Skip to content

Union-Find (Disjoint Set Union) — Junior Level

One-line summary: Union-Find (Disjoint Set Union, DSU) keeps a collection of disjoint sets and answers "are a and b in the same set?" by maintaining a forest of rooted trees in a single parent[] array. Find(x) walks to the root of x's tree; Union(a, b) links one root under the other. It is the canonical structure for dynamic connectivity.


Table of Contents

  1. Introduction
  2. Prerequisites
  3. Glossary
  4. Core Concepts
  5. Big-O Summary
  6. Real-World Analogies
  7. Pros & Cons
  8. Step-by-Step Walkthrough
  9. Code Examples
  10. Coding Patterns
  11. Error Handling
  12. Performance Tips
  13. Best Practices
  14. Edge Cases & Pitfalls
  15. Common Mistakes
  16. Cheat Sheet
  17. Visual Animation
  18. Summary
  19. Further Reading

Introduction

Union-Find, also called the Disjoint Set Union (DSU), is one of those rare data structures that is tiny to write — twenty lines — yet powers algorithms you use every day: building a minimum spanning tree (Kruskal's algorithm), detecting whether adding an edge creates a cycle, grouping pixels in image segmentation, modelling percolation in physics, and answering "are these two users in the same friend circle?".

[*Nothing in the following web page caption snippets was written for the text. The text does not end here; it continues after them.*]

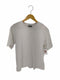 ディーゼル DIESEL FOR SUCCESSFUL LIVING Tシャツ メンズ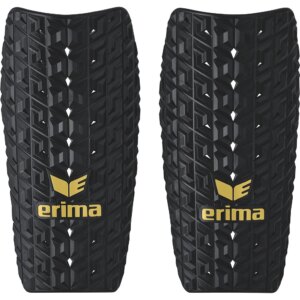 Erima - Erima Evo Flex Schienbeinschoner schwarz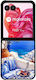 Sonique Greek Island Muse Series Motorola Motor...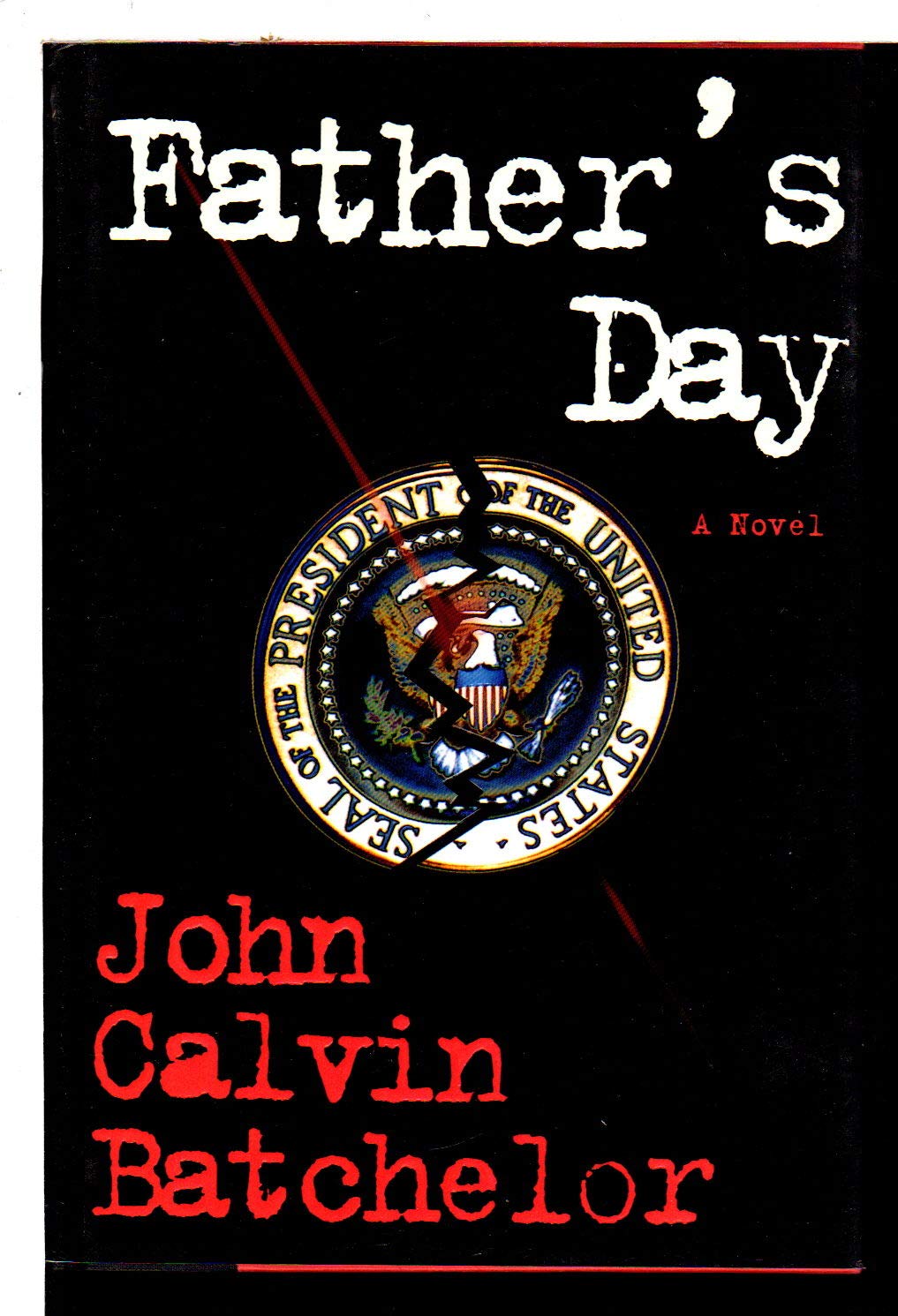 ef4b4499-61bb-4257-af54-b8cb5916eb46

The problem it solves is dynamic connectivity. You start with n separate elements, each in its own set. Over time two operations arrive in a stream:

  1. Union(a, b) — merge the set containing a with the set containing b.
  2. Find(x) (or Connected(a, b)) — ask which set x belongs to, so you can tell whether a and b are now connected.

You could answer each connectivity query by running BFS or DFS over a graph — but that is O(n + m) per query. Union-Find instead maintains the connectivity incrementally, so each operation is nearly constant time once optimized. That is its whole reason to exist: it beats re-running a graph search whenever connections are added one at a time and you must answer questions in between.

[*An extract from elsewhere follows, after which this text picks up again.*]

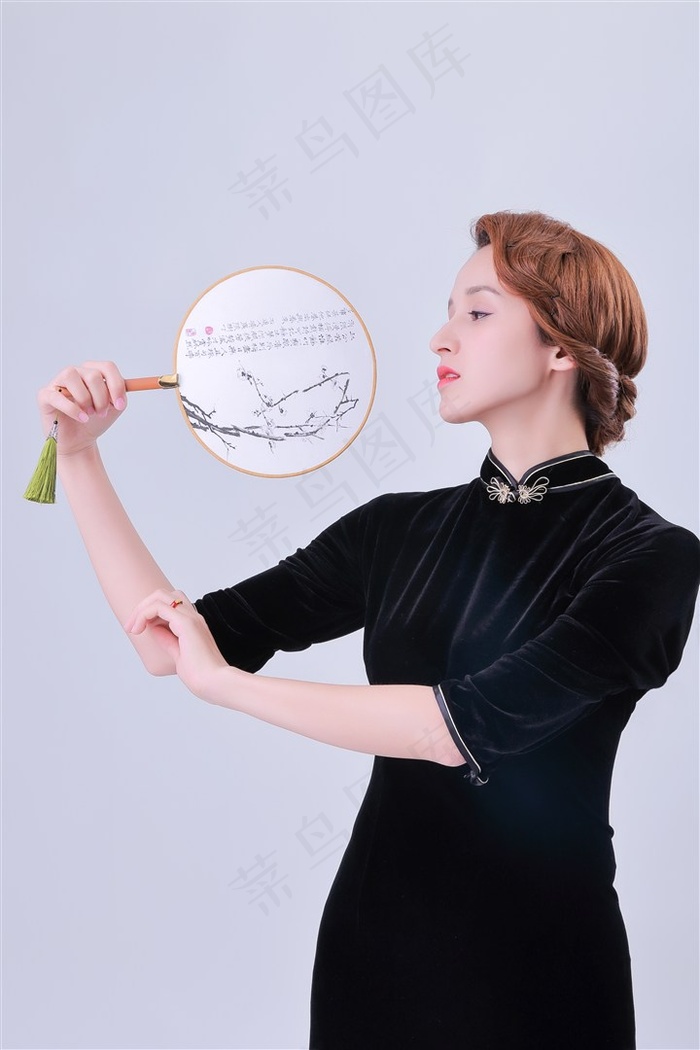 私密按摩师在线看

The structure was studied by Galler and Fischer (1964) and analyzed to its famous near-constant bound by Robert Tarjan (1975). The key idea is deceptively simple: represent each set as a rooted tree, and identify the set by the root of that tree (its representative). To union two sets, you just point one root at the other. To find which set an element belongs to, you follow parent pointers up to the root.

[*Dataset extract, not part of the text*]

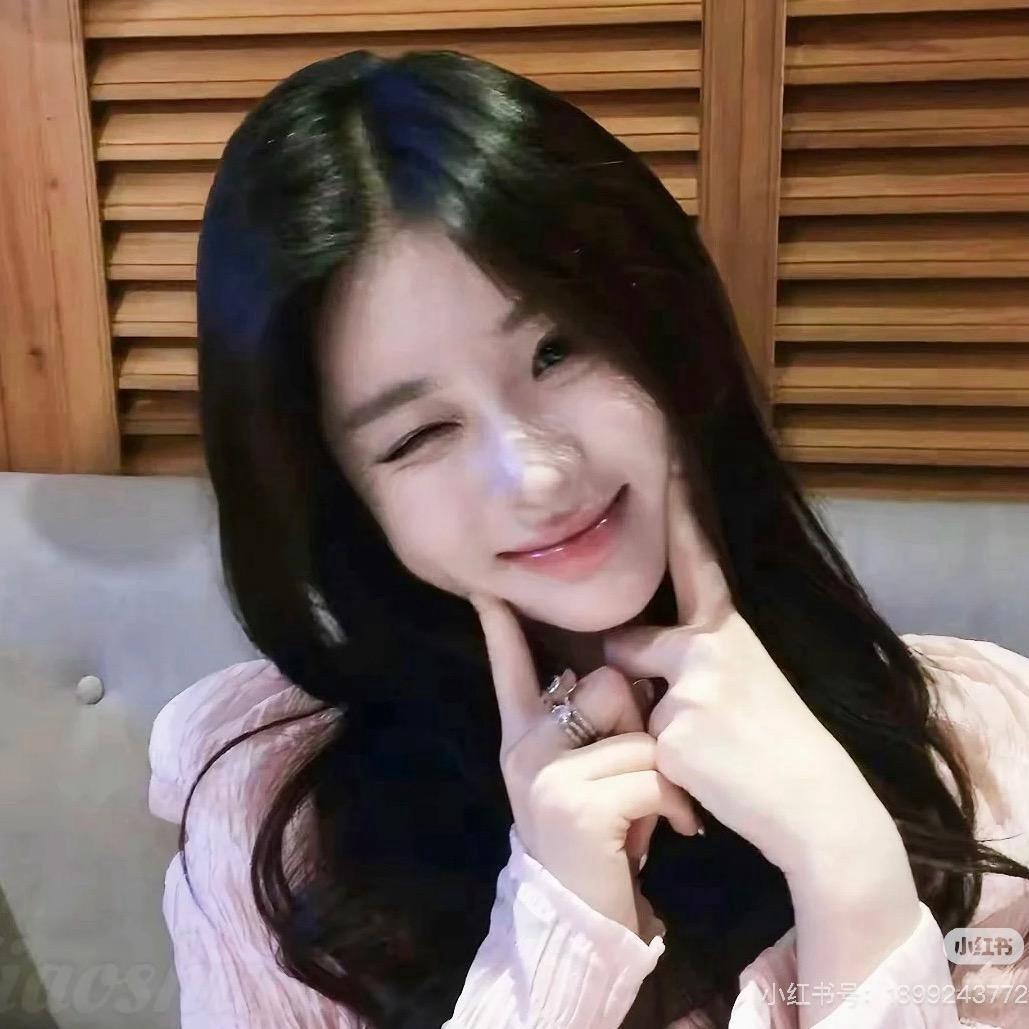 Kimi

This file covers the foundational structure only: the parent[] array, naive Find and Union, and why they work. Two crucial speedups — path compression and union by rank/size — get their own dedicated topics, 02-path-compression and 03-union-by-rank. Here we deliberately use the un-optimized version so you can see clearly what those optimizations later fix.


Prerequisites

Before you read this file you should be comfortable with:

  • Arrays and integer indexing — the whole structure lives in one int[].
  • Loops and while conditionsFind is a while loop walking to a root.
  • The idea of a tree and a root — each set is a rooted tree.
  • Basic graph vocabulary — vertices, edges, connected components.
  • Big-O notationO(1), O(log n), O(n).

Optional but helpful:

  • Having seen BFS/DFS connectivity at least once, so you appreciate why DSU is faster for incremental queries.
  • A first encounter with Kruskal's MST algorithm, which is the textbook customer of Union-Find.

Glossary

Term Meaning
Disjoint sets A partition of {0, …, n-1} into groups that never overlap. Every element is in exactly one set.
Disjoint Set Union (DSU) The data structure that maintains these sets under MakeSet, Find, and Union.
MakeSet(x) Create a new singleton set {x}. Usually done once for every element at initialization.
Find(x) Return the representative (root) of the set containing x.
Union(a, b) Merge the two sets containing a and b into one.
Connected(a, b) true if Find(a) == Find(b).
Representative / root The single canonical element that identifies a set. Two elements are in the same set iff they have the same representative.
parent[] The array that stores, for each element, the index of its parent in the forest. A root points to itself.
Forest The collection of rooted trees; one tree per set.
QuickFind A naive variant storing a flat label array (id[x] = set id). Find is O(1), but Union rewrites many labels in O(n).
QuickUnion The forest variant. Union links roots; Find walks to a root. This is the structure we build here.
Component / set count How many distinct sets currently exist. Starts at n, decreases by one on each effective union.
Path compression An optimization (separate topic) that flattens the tree during Find.
Union by rank / size An optimization (separate topic) that always links the smaller tree under the larger.

Core Concepts

1. The Disjoint-Set ADT

A disjoint-set structure supports exactly three operations:

MakeSet(x)   : create the singleton {x}
Find(x)      : return the representative of x's set
Union(a, b)  : merge the sets of a and b

A fourth, Connected(a, b), is just Find(a) == Find(b). The contract is:

  • After MakeSet(x), Find(x) == x.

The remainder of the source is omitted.